La Justicia venezolana vive una guerra interna pues el Tribunal Supremo de Justicia anuló el nombramiento de vicefiscal general que Ortega ordenó y a su vez la todavía Asamblea parlamentaria nombró a 33 jueces para sustituir a los actuales del Tribunal Supremo quiénes actúan siguiendo órdenes del Gobierno (la Asamblea les acusa de no ser jueces imparciales). El Parlamento o Asamblea Nacional cuenta con 167 diputados pero fue declarado en desacato por el Tribunal Supremo de Justicia desde el momento en que fue constituido, por orden de Nicolás Maduro al verse destituido de su poder. La nueva Asamblea Nacional Constituyente tendrá 545 diputados. No se organizó un referéndum previo para que el pueblo decida si desea una nueva Constitución o no, ha sido Maduro quién ha decidido por ellos. Le respaldan grupos paramilitares que han llegado a tomar el Parlamento en alguna ocasión amenazando a los diputados. La Oposición convocó una sesión a la que invitó a los embajadores de España, México, Francia y Gran Bretaña para mostrar al Mundo y al pueblo venezolano que cuentan con respaldo internacional. El Ministerio de Asuntos Exteriores de España ha recomendado a los ciudadanos españoles que no viajen a Venezuela salvo que se vean forzados a ello. 
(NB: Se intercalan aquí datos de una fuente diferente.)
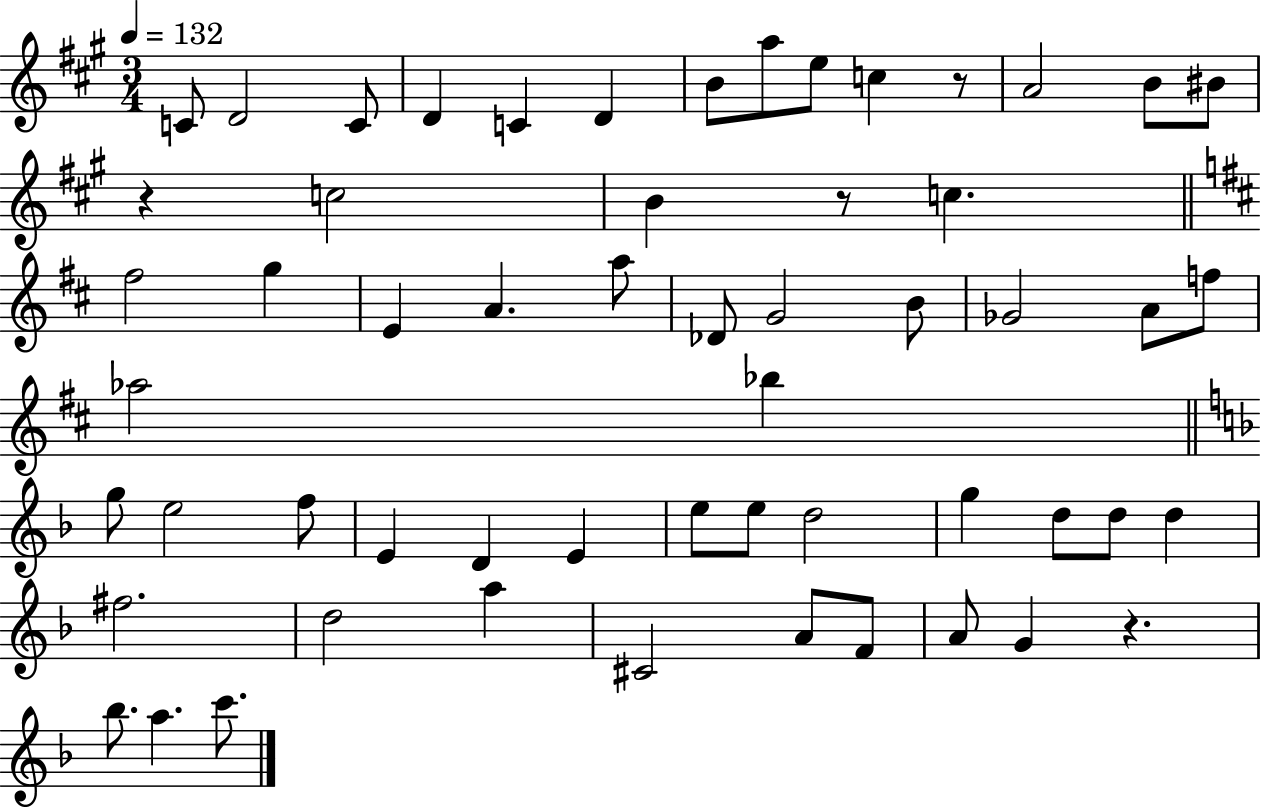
{
  \clef treble
  \numericTimeSignature
  \time 3/4
  \key a \major
  \tempo 4 = 132
  c'8 d'2 c'8 | d'4 c'4 d'4 | b'8 a''8 e''8 c''4 r8 | a'2 b'8 bis'8 | \break r4 c''2 | b'4 r8 c''4. | \bar "||" \break \key d \major fis''2 g''4 | e'4 a'4. a''8 | des'8 g'2 b'8 | ges'2 a'8 f''8 | \break aes''2 bes''4 | \bar "||" \break \key d \minor g''8 e''2 f''8 | e'4 d'4 e'4 | e''8 e''8 d''2 | g''4 d''8 d''8 d''4 | \break fis''2. | d''2 a''4 | cis'2 a'8 f'8 | a'8 g'4 r4. | \break bes''8. a''4. c'''8. | \bar "|."
}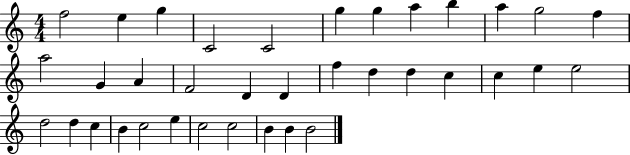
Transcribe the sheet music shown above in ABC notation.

X:1
T:Untitled
M:4/4
L:1/4
K:C
f2 e g C2 C2 g g a b a g2 f a2 G A F2 D D f d d c c e e2 d2 d c B c2 e c2 c2 B B B2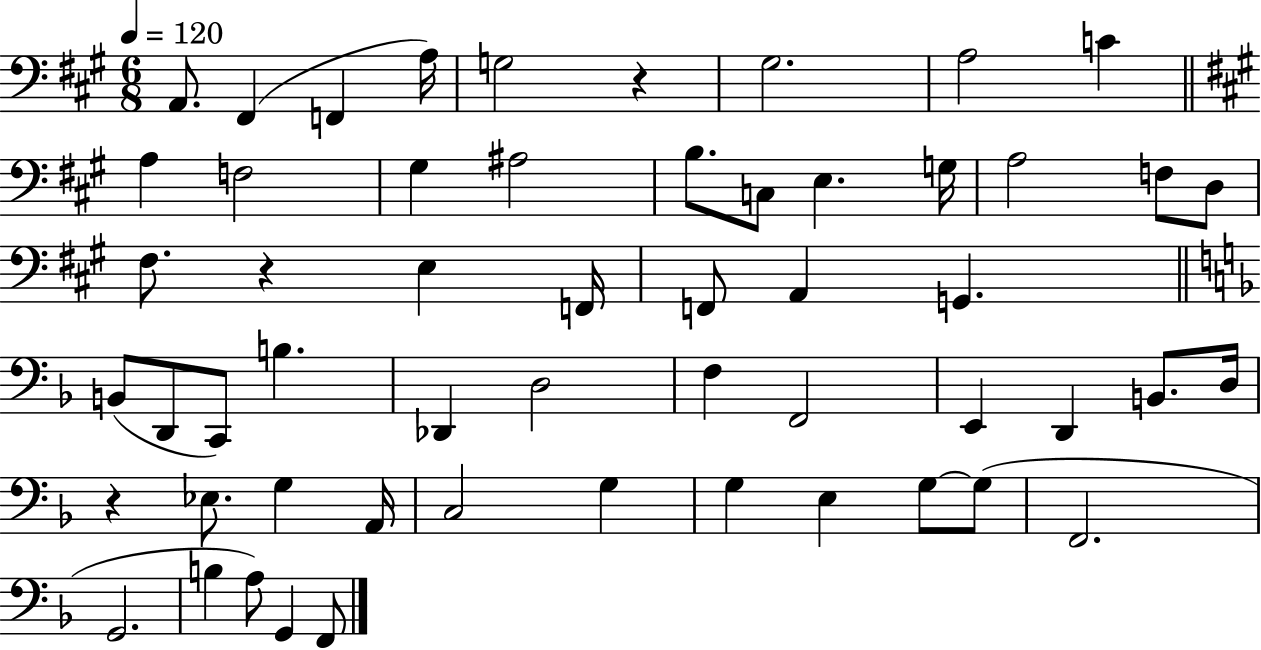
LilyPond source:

{
  \clef bass
  \numericTimeSignature
  \time 6/8
  \key a \major
  \tempo 4 = 120
  a,8. fis,4( f,4 a16) | g2 r4 | gis2. | a2 c'4 | \break \bar "||" \break \key a \major a4 f2 | gis4 ais2 | b8. c8 e4. g16 | a2 f8 d8 | \break fis8. r4 e4 f,16 | f,8 a,4 g,4. | \bar "||" \break \key d \minor b,8( d,8 c,8) b4. | des,4 d2 | f4 f,2 | e,4 d,4 b,8. d16 | \break r4 ees8. g4 a,16 | c2 g4 | g4 e4 g8~~ g8( | f,2. | \break g,2. | b4 a8) g,4 f,8 | \bar "|."
}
En el País faltan los fármacos, los supermercados están casi vacíos, los Hospitales carecen de servicios de limpieza y mantenimiento efectivos con lo que han resurgido antiguas enfermedades que se consideraban extinguidas como la difteria o la lepra. Pero a pesar de todos estos problemas y de las condenas de la comunidad internacional, ningún País u organización multinacional hace nada por solucionarlo. Hasta Trump, a pesar de llamar "dictador "a Maduro, cuando se trata de establecer sanciones económicas se lo piensa porque Venezuela es el tercer País que más petróleo exporta al gigante norteamericano.

La Revolución Bolivariana ha demostrado ser un modelo dictatorial más de tantos que ha habido a lo largo de la Historia. Ya se vislumbraba con Chávez, pero el "comandante" supo maquillarlo. Maduro no tiene su pericia ni su destreza; tan solo ha sido una copia mala de un original que ya de por sí no era muy prometedor.